==== The data ====

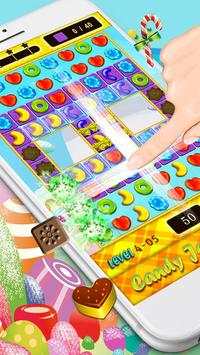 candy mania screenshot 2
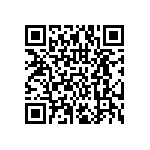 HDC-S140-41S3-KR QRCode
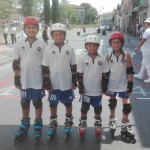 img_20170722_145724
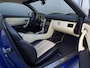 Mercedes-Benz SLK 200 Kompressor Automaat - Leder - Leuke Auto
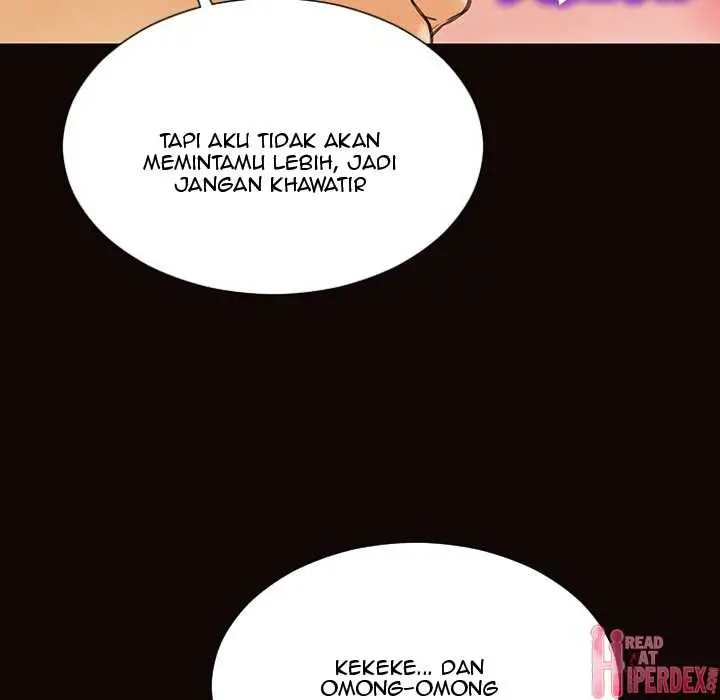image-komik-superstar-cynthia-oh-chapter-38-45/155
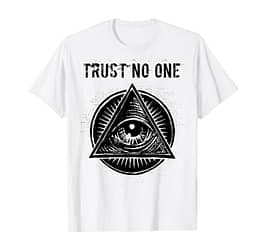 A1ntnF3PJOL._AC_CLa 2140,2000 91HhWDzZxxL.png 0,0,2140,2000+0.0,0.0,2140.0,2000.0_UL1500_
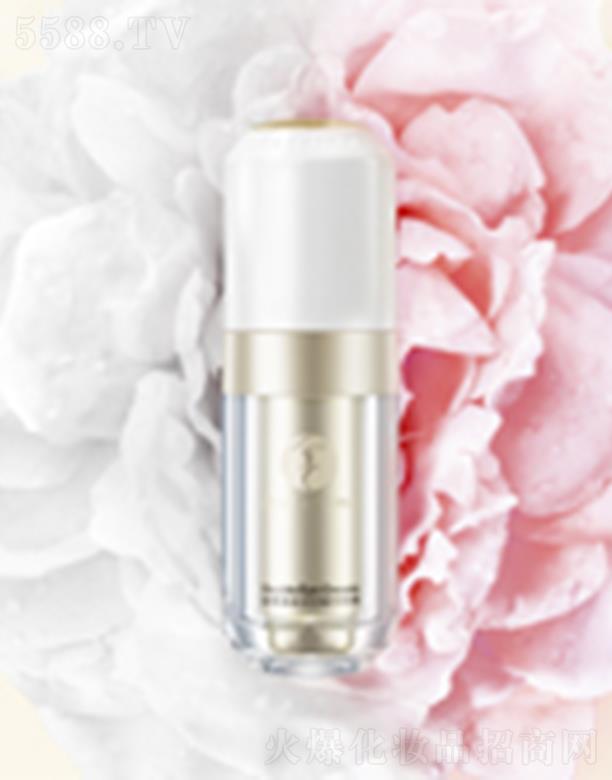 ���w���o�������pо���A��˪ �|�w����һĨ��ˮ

====

_Work required_.
The pictures stay out; repeat exactly the lines from the one with "image-komik-superstar-cynthia-oh-chapter-38-45/155" to the end of the entries above, and nothing else.

_Exercise output_.
image-komik-superstar-cynthia-oh-chapter-38-45/155
 A1ntnF3PJOL._AC_CLa 2140,2000 91HhWDzZxxL.png 0,0,2140,2000+0.0,0.0,2140.0,2000.0_UL1500_
 ���w���o�������pо���A��˪ �|�w����һĨ��ˮ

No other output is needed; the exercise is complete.